### Data ###

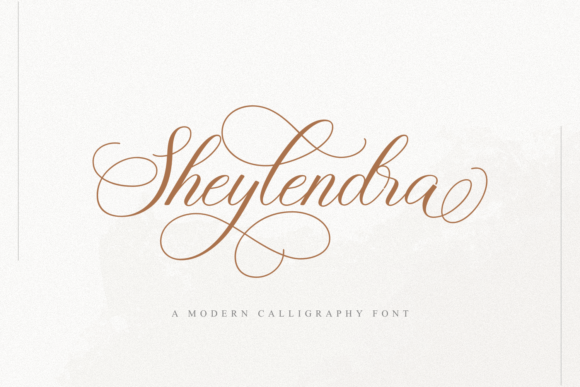 Sheylendra: A Font That Makes Your Brand Feel Polished and Consistent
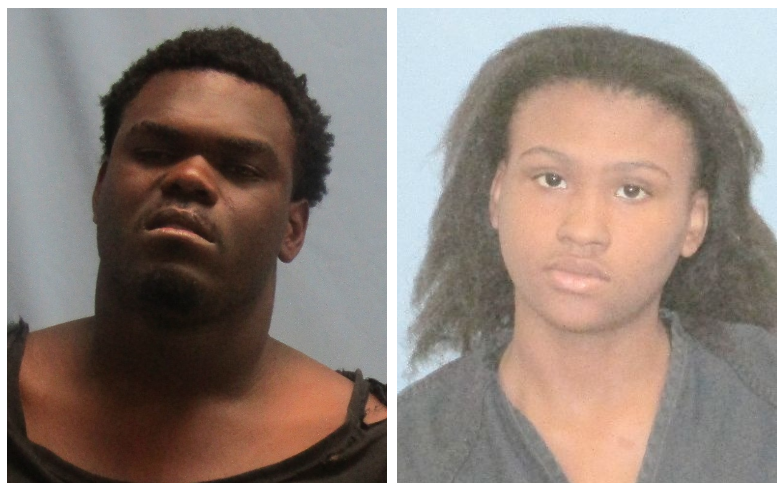 Antonio Boyd and Tiffany Williams are shown in these Pulaski County jail booking photos.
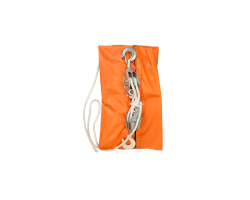 Double Block 500Kg Rated 4:1 Ratio Handy Billy - Marine-Grade Double block Handy Billy - Double Block Safety Hook & Becket SWL 500kg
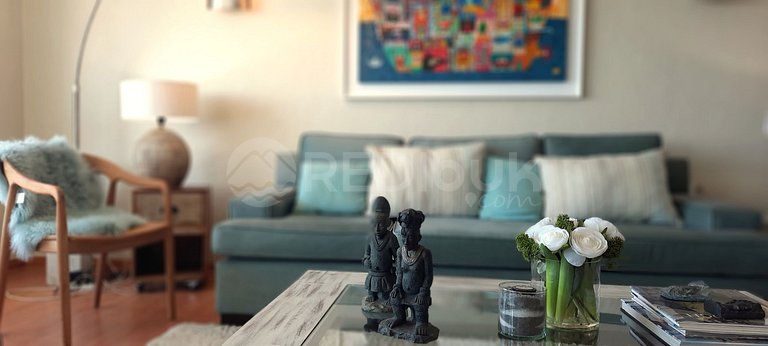 Spacious Apartment with Ocean View in Reñaca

###

* Exercise instructions *
Take the lines from the one that contains "Double Block 500Kg" down to the last line of the listing above, both included, and set them down exactly, leaving out pictures.

* Task solution *
 Double Block 500Kg Rated 4:1 Ratio Handy Billy - Marine-Grade Double block Handy Billy - Double Block Safety Hook & Becket SWL 500kg
 Spacious Apartment with Ocean View in Reñaca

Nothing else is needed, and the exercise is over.